Und doch: Ohne Viren ist Leben auf diesem Planeten nicht denkbar, auch kein menschliches. Diese organischen Strukturen verhalten sich wie der „Klebstoff“ unserer Beziehungsgeflechte mit menschlichen und mehr-als-menschlichen Lebewesen. Durch sie gehen unsere Körper symbiotische Beziehungen mit Pilzen, Insekten, Bakterien und anderen Organismen ein, die uns untrennbar mit einem offenen System vereinen, das der Mensch nicht kontrollieren kann. Viren mit ihren disruptiven Eigenschaften lassen uns etablierte Lebensformen hinterfragen, queeren und erweitern sie. Damit eröffnen sie uns einen Vorstellungsraum, in dem emanzipatorische, hybride Lebensformen imaginiert werden können.

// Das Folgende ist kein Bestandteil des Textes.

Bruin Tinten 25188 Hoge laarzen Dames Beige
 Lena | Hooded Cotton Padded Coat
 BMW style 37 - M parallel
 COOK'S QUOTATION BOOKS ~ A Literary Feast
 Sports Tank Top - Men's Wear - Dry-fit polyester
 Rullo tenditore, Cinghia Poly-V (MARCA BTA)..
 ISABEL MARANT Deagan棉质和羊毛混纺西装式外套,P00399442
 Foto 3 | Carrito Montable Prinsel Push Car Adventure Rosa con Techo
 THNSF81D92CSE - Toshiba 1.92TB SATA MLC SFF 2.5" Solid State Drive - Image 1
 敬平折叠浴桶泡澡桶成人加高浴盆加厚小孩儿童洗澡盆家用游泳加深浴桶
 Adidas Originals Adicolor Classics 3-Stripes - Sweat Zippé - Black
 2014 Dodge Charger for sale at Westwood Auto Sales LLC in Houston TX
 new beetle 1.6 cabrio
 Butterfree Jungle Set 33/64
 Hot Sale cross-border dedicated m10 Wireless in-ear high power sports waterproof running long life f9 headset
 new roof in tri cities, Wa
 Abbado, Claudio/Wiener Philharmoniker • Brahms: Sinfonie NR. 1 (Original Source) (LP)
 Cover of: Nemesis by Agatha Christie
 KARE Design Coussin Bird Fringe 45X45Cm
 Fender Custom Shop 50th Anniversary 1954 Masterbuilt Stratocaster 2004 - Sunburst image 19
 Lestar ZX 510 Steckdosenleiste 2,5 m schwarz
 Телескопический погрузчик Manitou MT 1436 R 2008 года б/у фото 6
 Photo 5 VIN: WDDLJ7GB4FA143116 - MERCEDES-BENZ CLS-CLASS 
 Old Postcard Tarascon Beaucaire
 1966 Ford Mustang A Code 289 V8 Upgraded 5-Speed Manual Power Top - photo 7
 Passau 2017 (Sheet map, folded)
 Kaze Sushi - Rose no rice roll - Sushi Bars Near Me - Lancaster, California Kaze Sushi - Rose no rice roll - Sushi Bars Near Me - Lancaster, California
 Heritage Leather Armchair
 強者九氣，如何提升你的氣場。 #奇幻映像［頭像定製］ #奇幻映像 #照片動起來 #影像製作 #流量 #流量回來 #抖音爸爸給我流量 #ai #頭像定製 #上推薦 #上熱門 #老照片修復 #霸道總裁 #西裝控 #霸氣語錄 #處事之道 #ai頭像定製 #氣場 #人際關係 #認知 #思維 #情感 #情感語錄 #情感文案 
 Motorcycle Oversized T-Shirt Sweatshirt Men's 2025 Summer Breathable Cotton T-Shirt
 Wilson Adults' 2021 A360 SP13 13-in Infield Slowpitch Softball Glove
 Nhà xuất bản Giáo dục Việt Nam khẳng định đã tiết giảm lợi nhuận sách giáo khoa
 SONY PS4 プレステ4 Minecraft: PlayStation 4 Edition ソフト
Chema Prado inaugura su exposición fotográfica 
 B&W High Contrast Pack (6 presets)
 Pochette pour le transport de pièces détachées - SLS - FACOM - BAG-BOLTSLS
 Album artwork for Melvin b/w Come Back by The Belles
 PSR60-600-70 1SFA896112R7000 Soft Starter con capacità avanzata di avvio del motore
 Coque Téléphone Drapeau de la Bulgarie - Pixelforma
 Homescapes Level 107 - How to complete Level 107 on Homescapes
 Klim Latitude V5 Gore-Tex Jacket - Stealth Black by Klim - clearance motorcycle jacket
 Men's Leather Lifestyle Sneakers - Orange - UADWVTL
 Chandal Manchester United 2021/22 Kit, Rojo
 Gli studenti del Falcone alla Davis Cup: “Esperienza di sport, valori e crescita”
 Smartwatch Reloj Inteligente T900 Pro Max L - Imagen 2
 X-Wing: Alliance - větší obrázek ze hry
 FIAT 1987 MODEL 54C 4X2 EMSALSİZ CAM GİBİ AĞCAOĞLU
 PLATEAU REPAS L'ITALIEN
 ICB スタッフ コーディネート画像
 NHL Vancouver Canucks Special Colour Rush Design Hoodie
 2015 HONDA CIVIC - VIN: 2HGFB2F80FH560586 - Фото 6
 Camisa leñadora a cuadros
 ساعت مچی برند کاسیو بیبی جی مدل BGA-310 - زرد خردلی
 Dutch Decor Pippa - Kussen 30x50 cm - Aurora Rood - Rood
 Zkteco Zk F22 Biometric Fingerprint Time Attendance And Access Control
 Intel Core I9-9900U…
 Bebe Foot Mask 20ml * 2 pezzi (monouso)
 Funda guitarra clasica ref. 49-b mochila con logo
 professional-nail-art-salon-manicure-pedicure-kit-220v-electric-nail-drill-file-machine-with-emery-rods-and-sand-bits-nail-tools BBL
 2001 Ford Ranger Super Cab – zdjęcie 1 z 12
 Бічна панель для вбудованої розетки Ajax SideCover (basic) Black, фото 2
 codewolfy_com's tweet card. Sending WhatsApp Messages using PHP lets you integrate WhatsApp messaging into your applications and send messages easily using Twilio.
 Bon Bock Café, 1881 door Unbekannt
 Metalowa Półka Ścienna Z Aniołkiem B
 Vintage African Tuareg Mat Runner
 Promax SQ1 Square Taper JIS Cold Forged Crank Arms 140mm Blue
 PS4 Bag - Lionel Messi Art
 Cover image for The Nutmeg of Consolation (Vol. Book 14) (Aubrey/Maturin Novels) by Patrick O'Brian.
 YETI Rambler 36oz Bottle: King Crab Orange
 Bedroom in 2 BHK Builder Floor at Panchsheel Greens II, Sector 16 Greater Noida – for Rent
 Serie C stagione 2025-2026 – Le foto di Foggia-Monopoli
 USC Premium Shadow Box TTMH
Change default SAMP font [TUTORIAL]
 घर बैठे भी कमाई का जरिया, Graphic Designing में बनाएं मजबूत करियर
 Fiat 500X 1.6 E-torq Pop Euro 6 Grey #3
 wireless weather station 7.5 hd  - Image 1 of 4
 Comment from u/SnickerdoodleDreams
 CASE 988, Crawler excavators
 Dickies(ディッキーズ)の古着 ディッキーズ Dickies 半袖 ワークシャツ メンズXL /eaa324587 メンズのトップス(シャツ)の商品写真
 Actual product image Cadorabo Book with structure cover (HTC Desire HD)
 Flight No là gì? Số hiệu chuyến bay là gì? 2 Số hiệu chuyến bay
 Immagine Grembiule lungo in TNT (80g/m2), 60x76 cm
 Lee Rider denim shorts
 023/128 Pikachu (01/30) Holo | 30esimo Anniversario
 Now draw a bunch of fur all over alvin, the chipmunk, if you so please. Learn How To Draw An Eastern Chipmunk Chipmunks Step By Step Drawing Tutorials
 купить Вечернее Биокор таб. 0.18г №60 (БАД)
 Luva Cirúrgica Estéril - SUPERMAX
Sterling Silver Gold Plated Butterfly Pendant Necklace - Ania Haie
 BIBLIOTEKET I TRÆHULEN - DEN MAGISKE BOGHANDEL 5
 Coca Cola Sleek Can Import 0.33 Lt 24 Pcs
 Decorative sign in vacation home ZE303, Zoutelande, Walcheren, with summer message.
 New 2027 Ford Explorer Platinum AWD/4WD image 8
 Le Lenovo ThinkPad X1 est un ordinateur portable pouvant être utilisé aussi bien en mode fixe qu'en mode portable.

Die Gruppenausstellung Matrix Bodies ist ein Versuch, diesen Vorstellungsraum im Kunstraum Niederoesterreich temporär zu manifestieren. Matrix Bodies versammelt Arbeiten von den Künstler:innen Eglė Budvytytė, Seba Calfuqueo, Caterina Gobbi, Nona Inescu, Joséfa Ntjam und Sophie Utikal, die die Untrennbarkeit von Mensch und Natur beleuchten und von dort aus über transkorporeale, chimärische posthumane Lebensformen spekulieren. Sie schmieden emanzipatorische Strategien für nicht-binäre, großzügigere und vibrierende Zukünfte, beleuchten die multiplen Interdependenzen und fluiden Übergänge zwischen verschiedenen Organismen.
Eintritt frei
Die Ausstellung bildet den Auftakt von Sensing the Heat. Unter diesem Motto ist das diesjährige Jahresprogramm des Kunstraum Niederoesterreich verschiedenen sozialen und politischen Aspekten der ökologischen Krise gewidmet.